- **TASK TO CARRY OUT**: Exactly repeat all the records below, omitting the images they hold.

- **DATA SHOWN**:
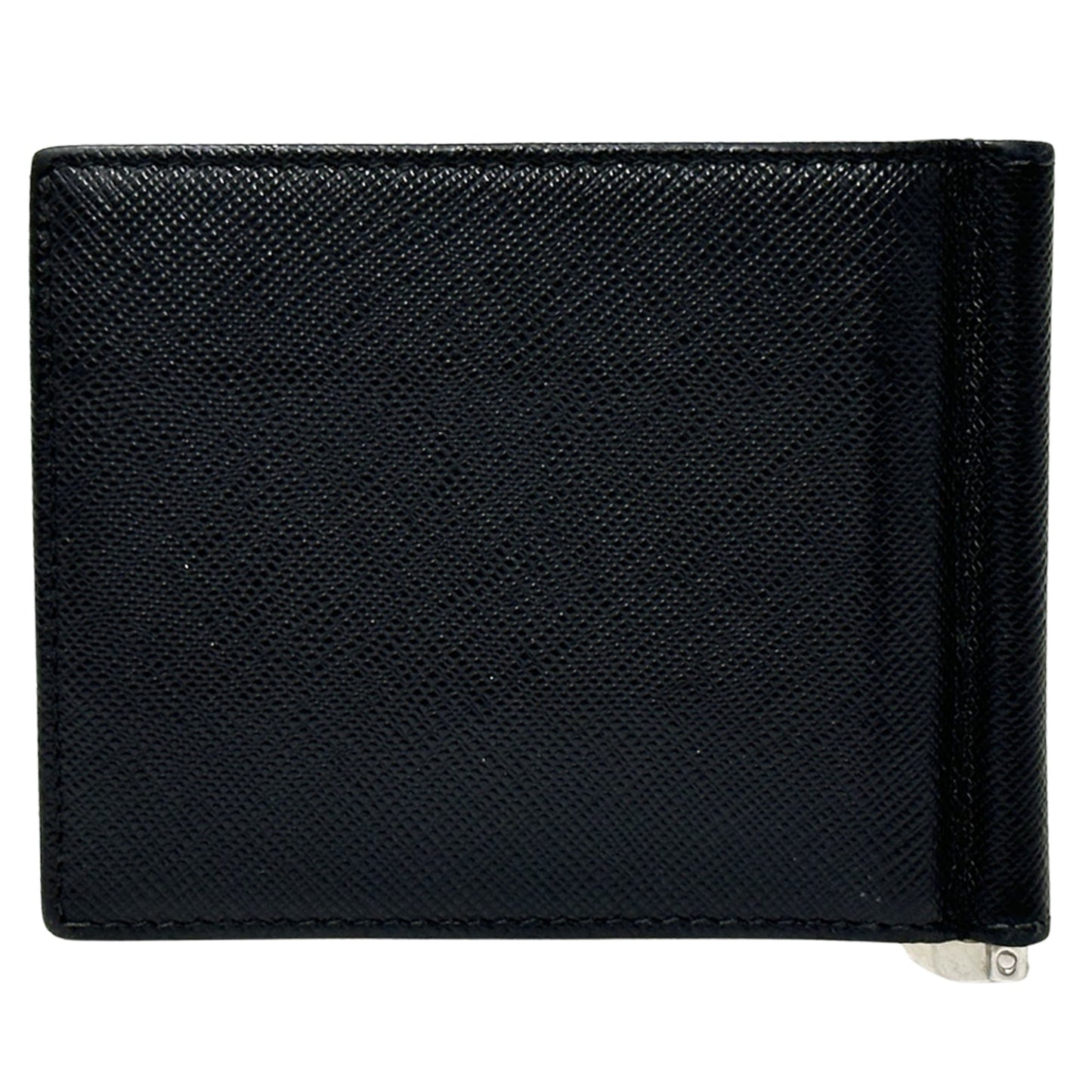 Prada Men's Saffiano NERO Money Clip 2MN077 Bifold Wallet with Triangle Logo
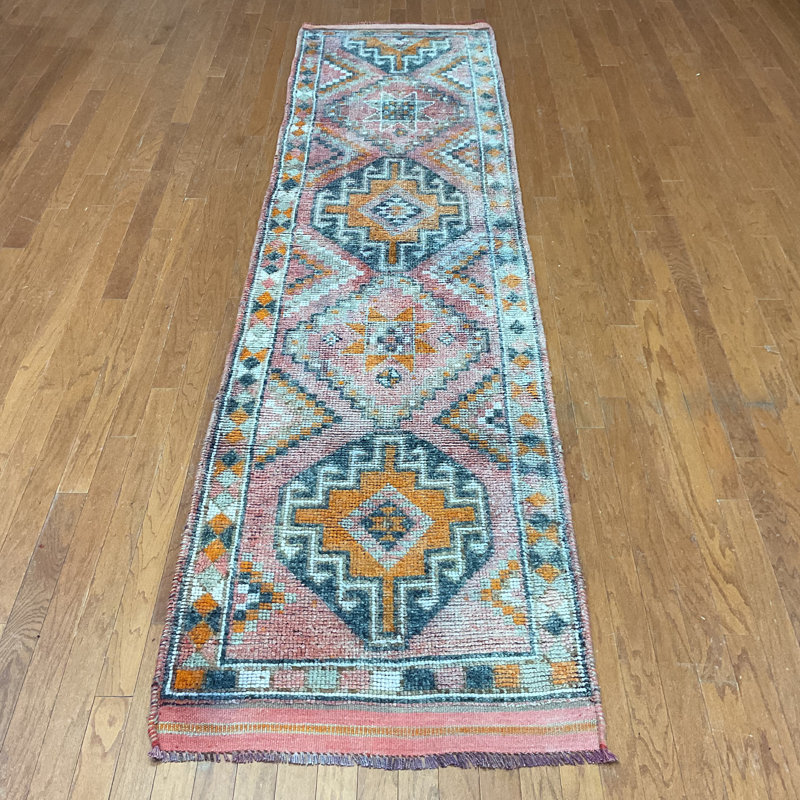  Handmade Turkish Oushak Wool Runner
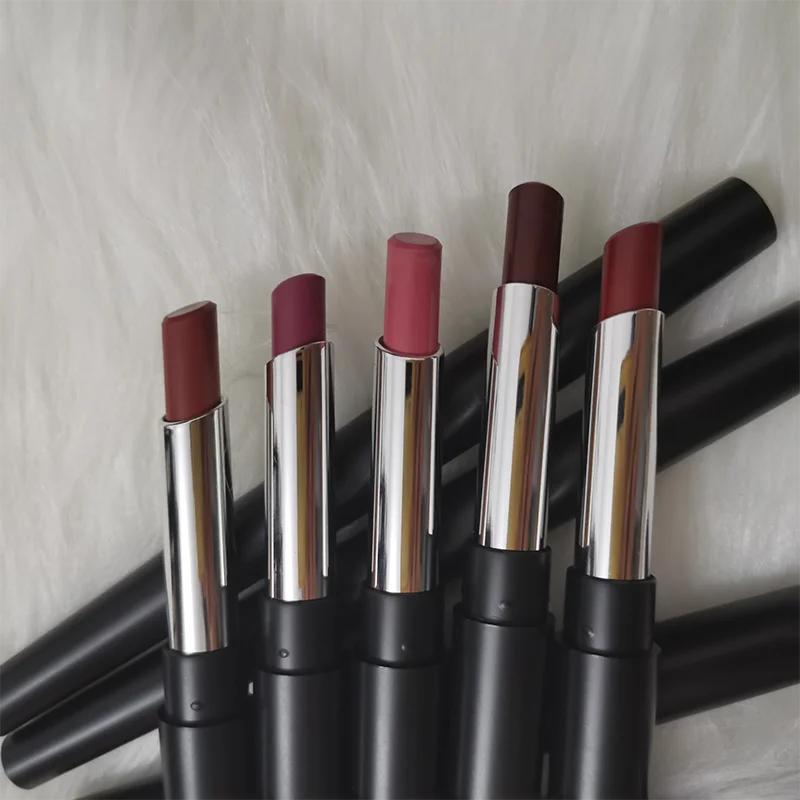 Best Selling Cruelty-Free High Pigment Waterproof Matte Red Lip Liner 2-in-1 Matte Lip Liner Lipstick Custom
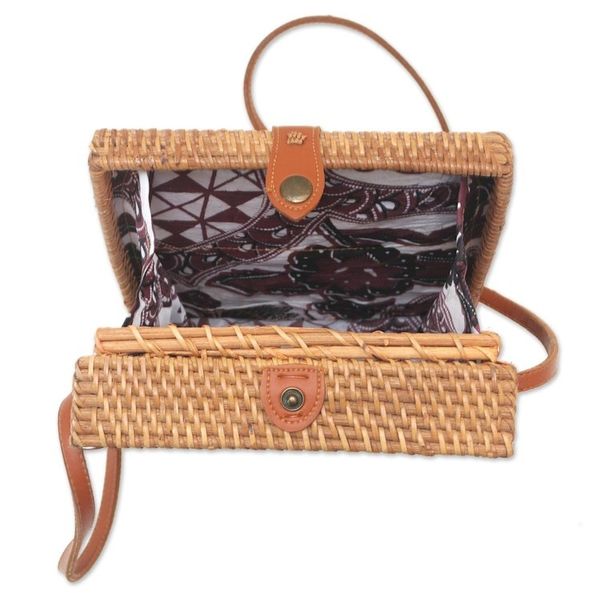 Alternate image for Woven Bamboo Sling Bag with Faux Leather Accent Lucky Lady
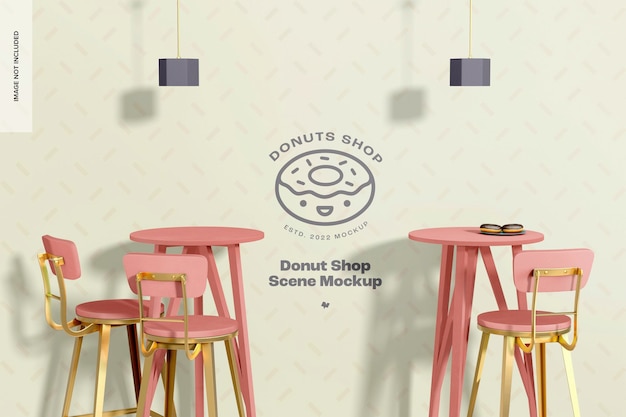 PSD donut shop scene mockup with lamps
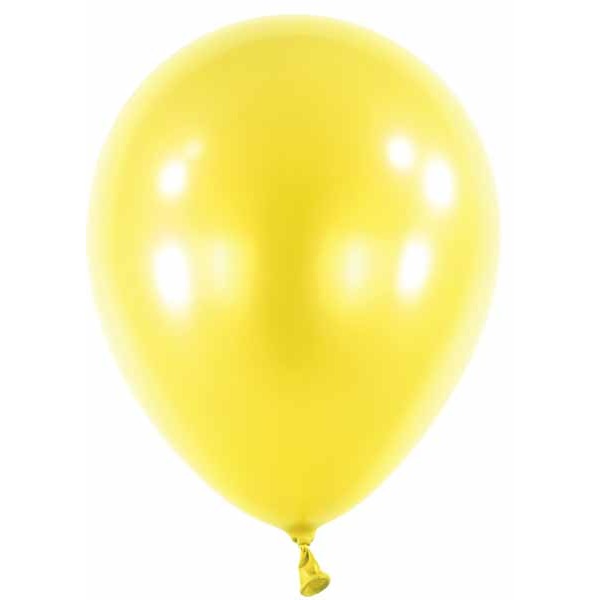 Anagram Metallic Sunshine Yellow 11-Inch Latex Balloons, 100 Count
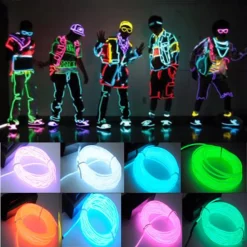 Zkaka Glühen EL Draht Kabel LED Neon Weihnachten Tanzparty DIY Kostüme Kleidung Leuchtende Auto Licht Dekoration Kleidung Ball Rave 5m (Leuchtendes Grün)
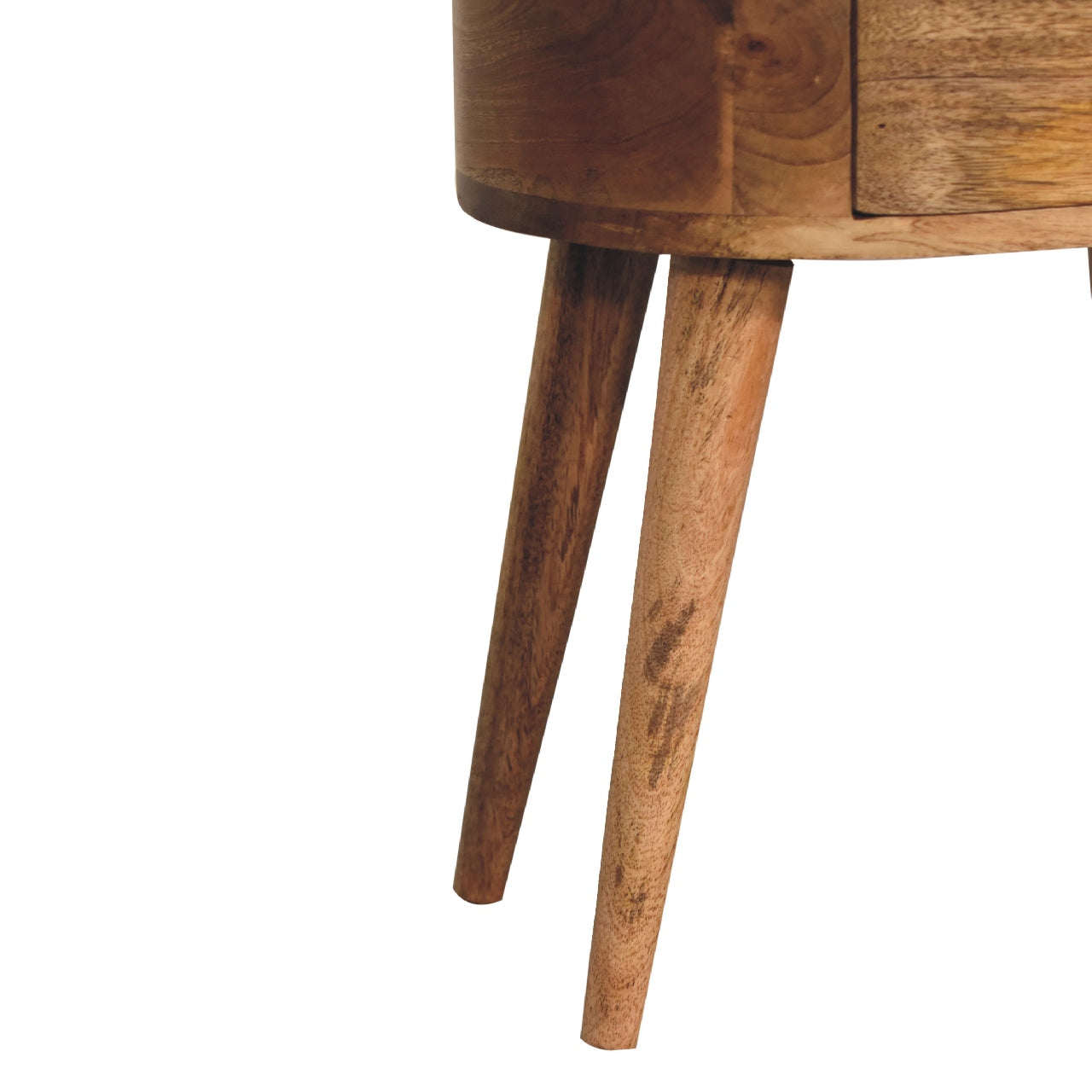 Mini Oak-ish Rounded Bedside Table 2 Drawer Chest - CasaFenix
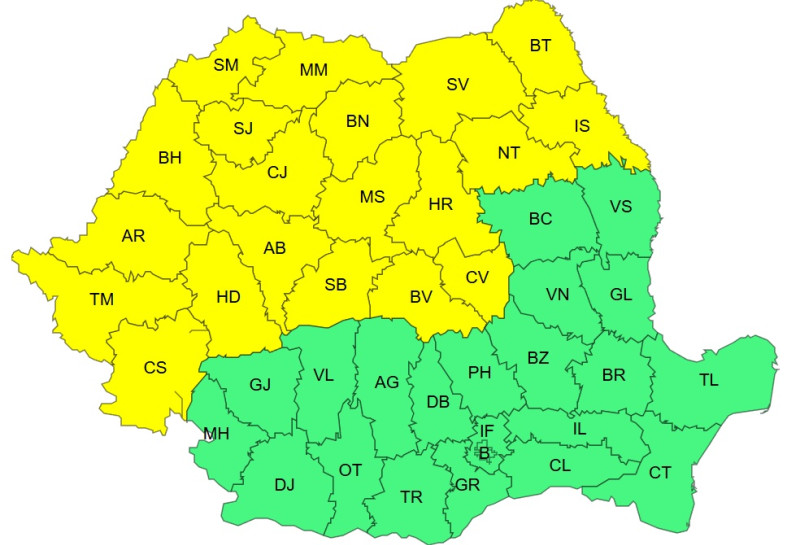 ANM: Cod galben de vijelii în aproape toată țara - Jurnalul Olteniei – Știri din Craiova și Oltenia ANM: Cod galben de vijelii în aproape toată țara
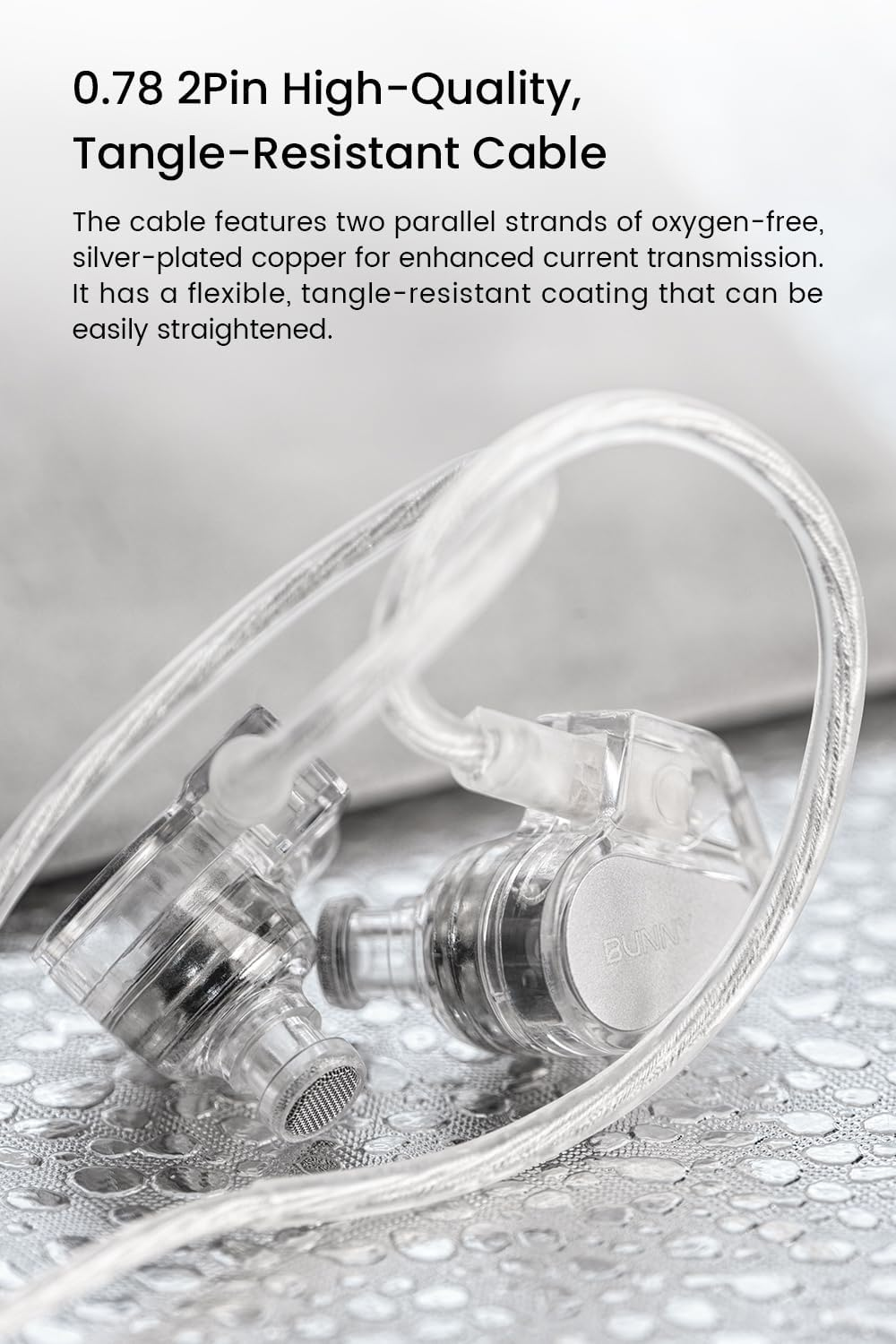 TANCHIJIM Bunny In-Ear Monitors Headphones Crystal Clear Sound and Style for Gamers and Audio Enthusiasts (3.5Mm with Mic) image number 6
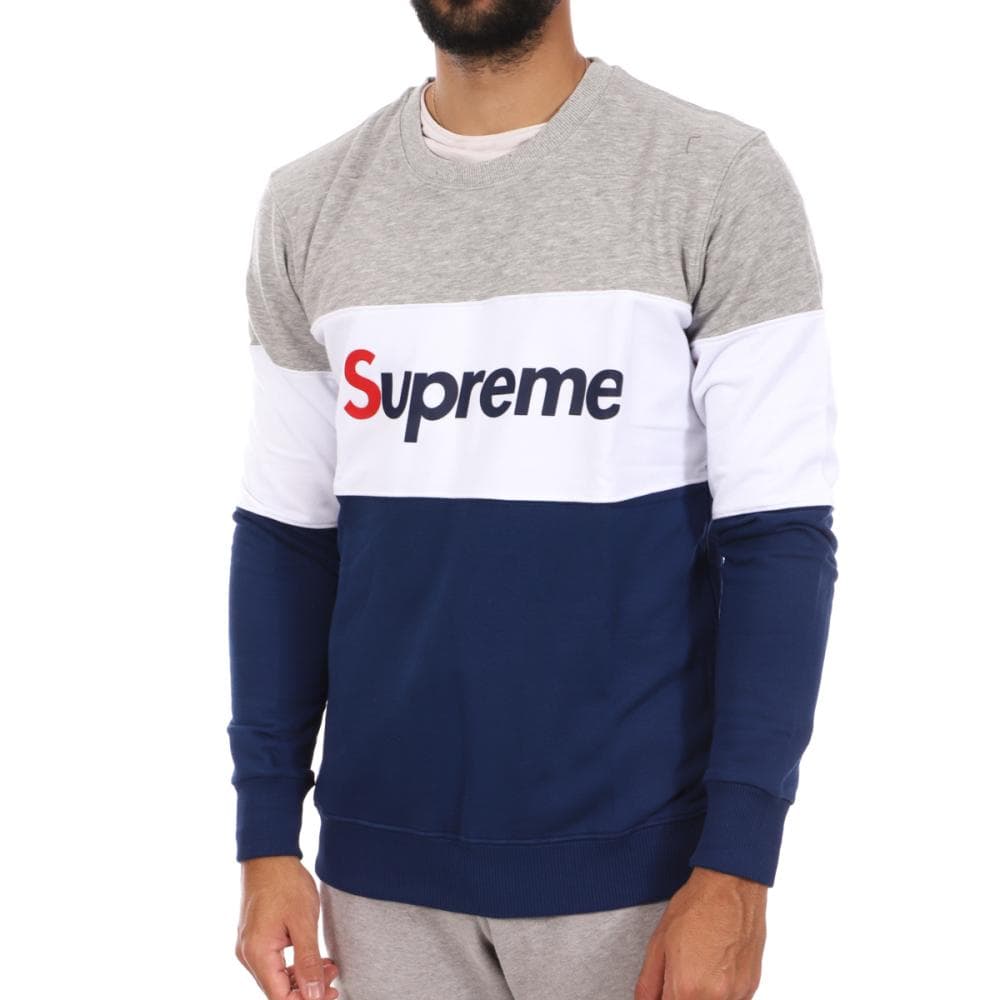 Sweat Gris/Blanc/Bleu Homme Supreme Grip Ital 1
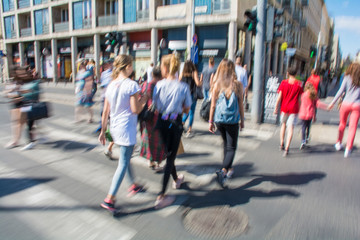 Busy city street people on zebra crossing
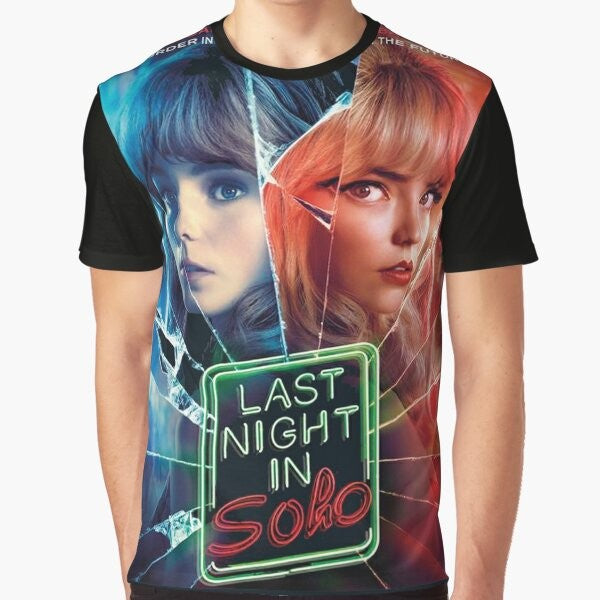 Last Night in Soho graphic t-shirt with murder and mystery design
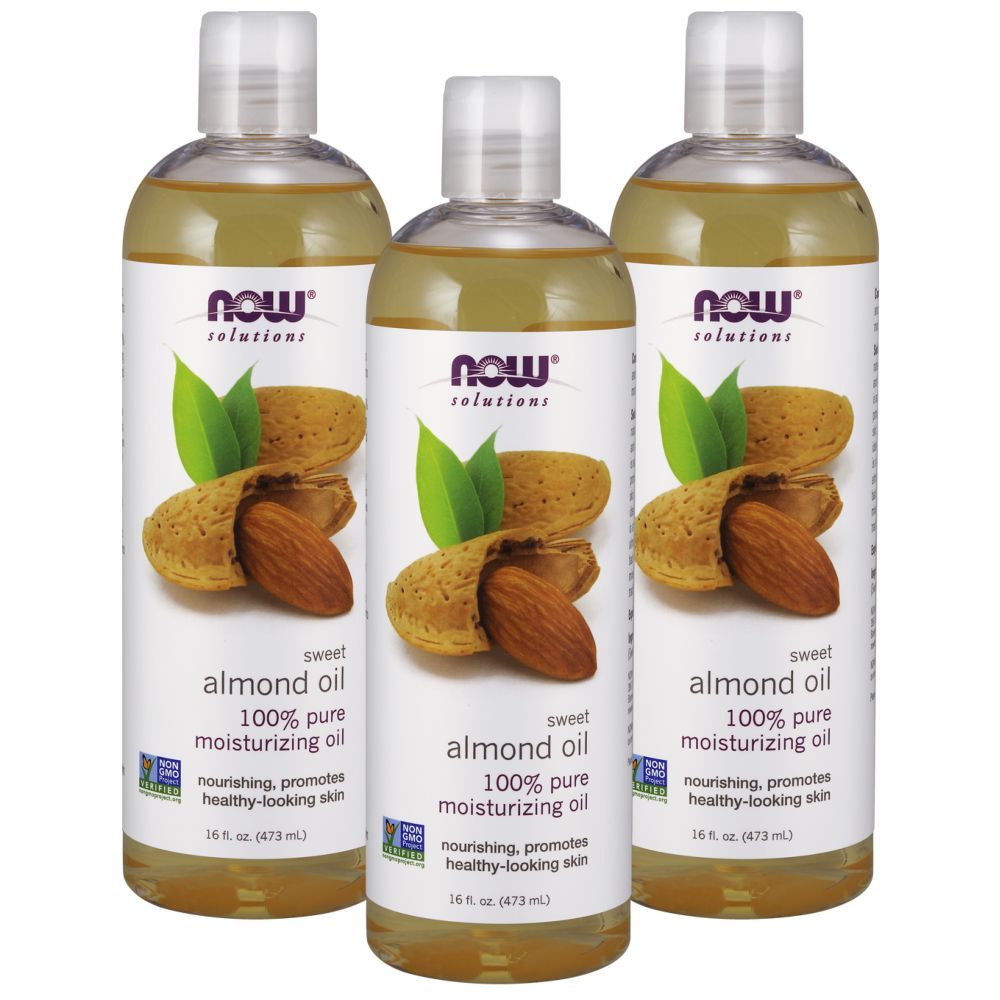 Now Solutions Sweet Almond Oil 100% Pure 16 Fl. Oz. 3pcs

- **EXPECTED OUTPUT**:
 Prada Men's Saffiano NERO Money Clip 2MN077 Bifold Wallet with Triangle Logo
  Handmade Turkish Oushak Wool Runner
 Best Selling Cruelty-Free High Pigment Waterproof Matte Red Lip Liner 2-in-1 Matte Lip Liner Lipstick Custom
 Alternate image for Woven Bamboo Sling Bag with Faux Leather Accent Lucky Lady
 PSD donut shop scene mockup with lamps
 Anagram Metallic Sunshine Yellow 11-Inch Latex Balloons, 100 Count
 Zkaka Glühen EL Draht Kabel LED Neon Weihnachten Tanzparty DIY Kostüme Kleidung Leuchtende Auto Licht Dekoration Kleidung Ball Rave 5m (Leuchtendes Grün)
 Mini Oak-ish Rounded Bedside Table 2 Drawer Chest - CasaFenix
 ANM: Cod galben de vijelii în aproape toată țara - Jurnalul Olteniei – Știri din Craiova și Oltenia ANM: Cod galben de vijelii în aproape toată țara
 TANCHIJIM Bunny In-Ear Monitors Headphones Crystal Clear Sound and Style for Gamers and Audio Enthusiasts (3.5Mm with Mic) image number 6
 Sweat Gris/Blanc/Bleu Homme Supreme Grip Ital 1
 Busy city street people on zebra crossing
 Last Night in Soho graphic t-shirt with murder and mystery design
 Now Solutions Sweet Almond Oil 100% Pure 16 Fl. Oz. 3pcs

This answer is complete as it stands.